# Work task
Each line below must be transcribed exactly, and no picture may appear in the transcription.

[Caption-style text data]
---+---
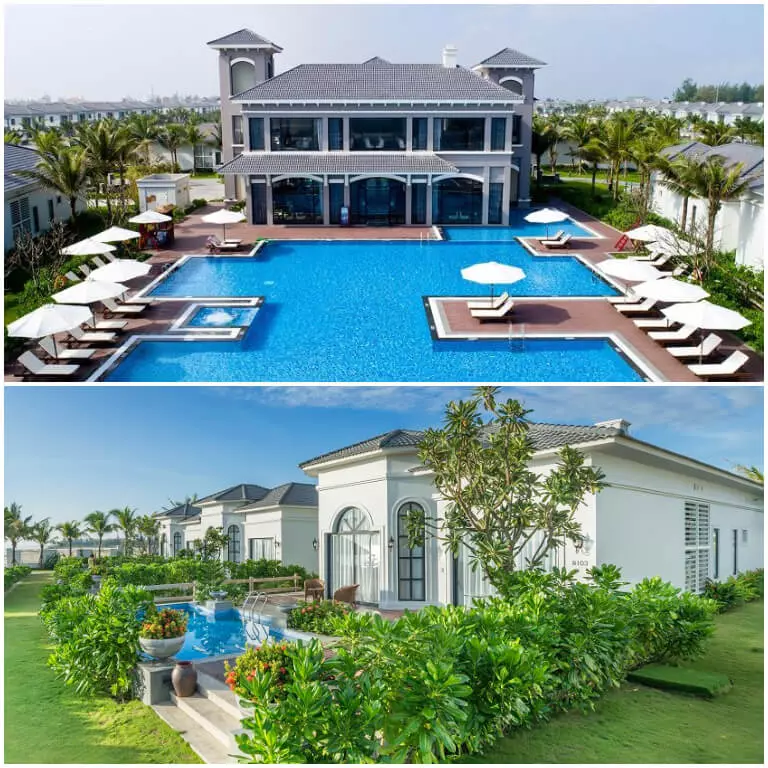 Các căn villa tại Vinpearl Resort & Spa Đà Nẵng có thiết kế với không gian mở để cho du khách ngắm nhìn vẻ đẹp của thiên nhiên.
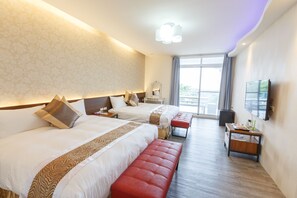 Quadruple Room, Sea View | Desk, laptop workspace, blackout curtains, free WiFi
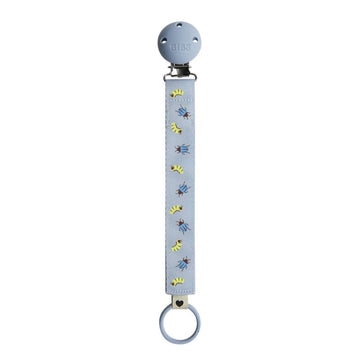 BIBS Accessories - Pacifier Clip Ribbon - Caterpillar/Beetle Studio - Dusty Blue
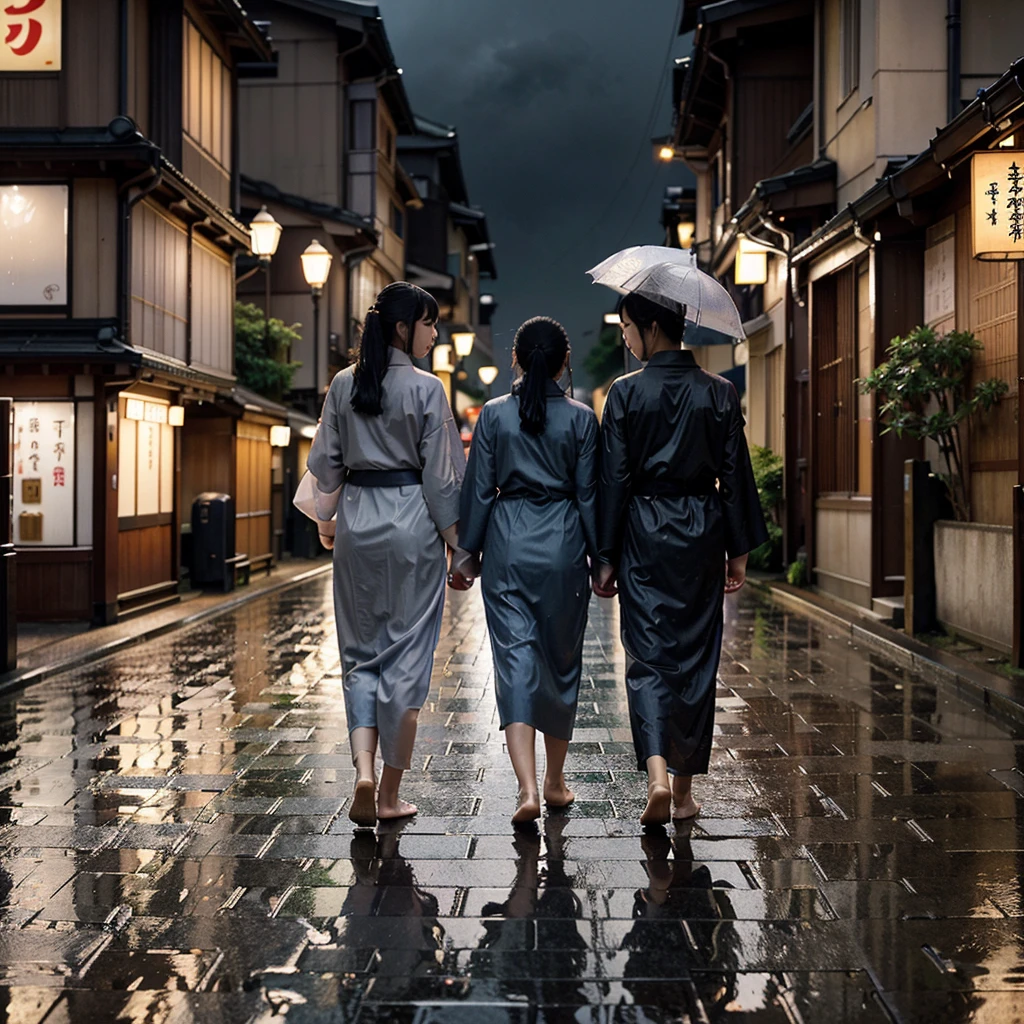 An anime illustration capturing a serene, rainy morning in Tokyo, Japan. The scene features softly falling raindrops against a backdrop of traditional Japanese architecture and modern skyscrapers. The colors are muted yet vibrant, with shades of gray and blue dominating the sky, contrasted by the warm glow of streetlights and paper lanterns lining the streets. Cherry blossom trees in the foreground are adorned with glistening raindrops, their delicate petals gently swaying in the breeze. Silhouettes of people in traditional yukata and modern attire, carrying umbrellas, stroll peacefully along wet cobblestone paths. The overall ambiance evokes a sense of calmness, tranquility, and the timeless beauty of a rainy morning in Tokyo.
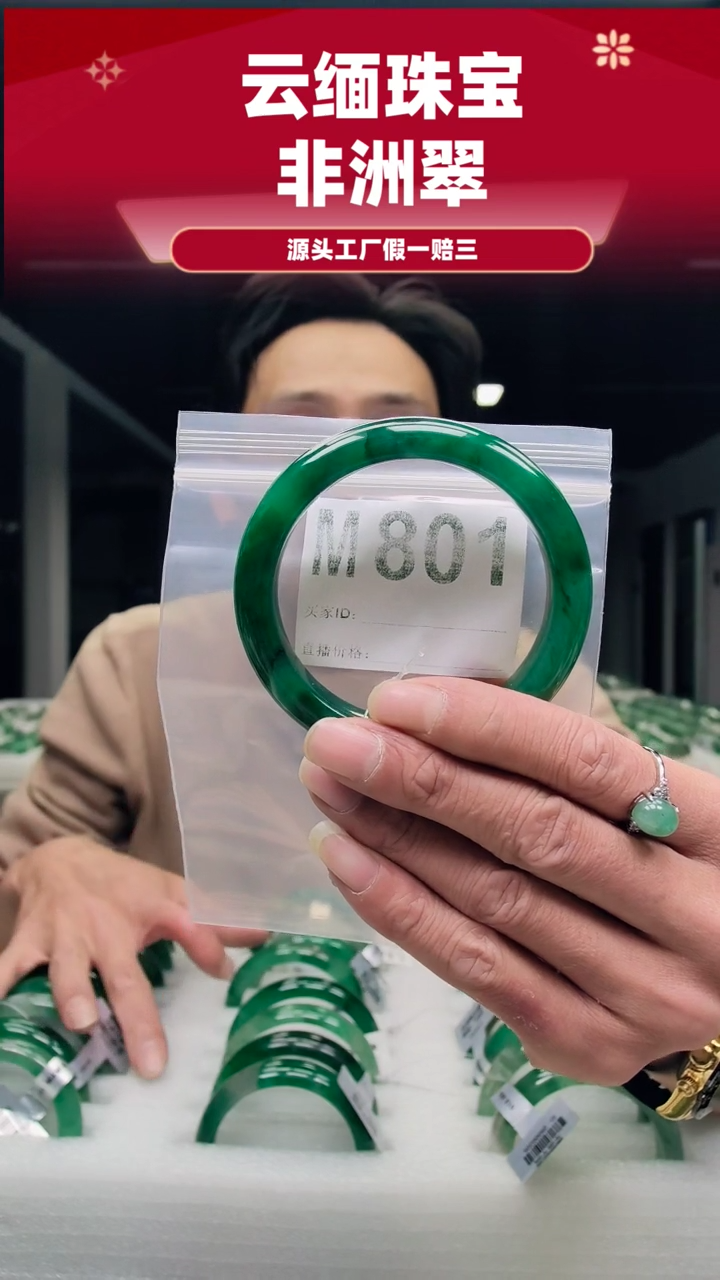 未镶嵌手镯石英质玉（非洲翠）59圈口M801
---+---
# Solution for this problem
 Các căn villa tại Vinpearl Resort & Spa Đà Nẵng có thiết kế với không gian mở để cho du khách ngắm nhìn vẻ đẹp của thiên nhiên.
 Quadruple Room, Sea View | Desk, laptop workspace, blackout curtains, free WiFi
 BIBS Accessories - Pacifier Clip Ribbon - Caterpillar/Beetle Studio - Dusty Blue
 An anime illustration capturing a serene, rainy morning in Tokyo, Japan. The scene features softly falling raindrops against a backdrop of traditional Japanese architecture and modern skyscrapers. The colors are muted yet vibrant, with shades of gray and blue dominating the sky, contrasted by the warm glow of streetlights and paper lanterns lining the streets. Cherry blossom trees in the foreground are adorned with glistening raindrops, their delicate petals gently swaying in the breeze. Silhouettes of people in traditional yukata and modern attire, carrying umbrellas, stroll peacefully along wet cobblestone paths. The overall ambiance evokes a sense of calmness, tranquility, and the timeless beauty of a rainy morning in Tokyo.
 未镶嵌手镯石英质玉（非洲翠）59圈口M801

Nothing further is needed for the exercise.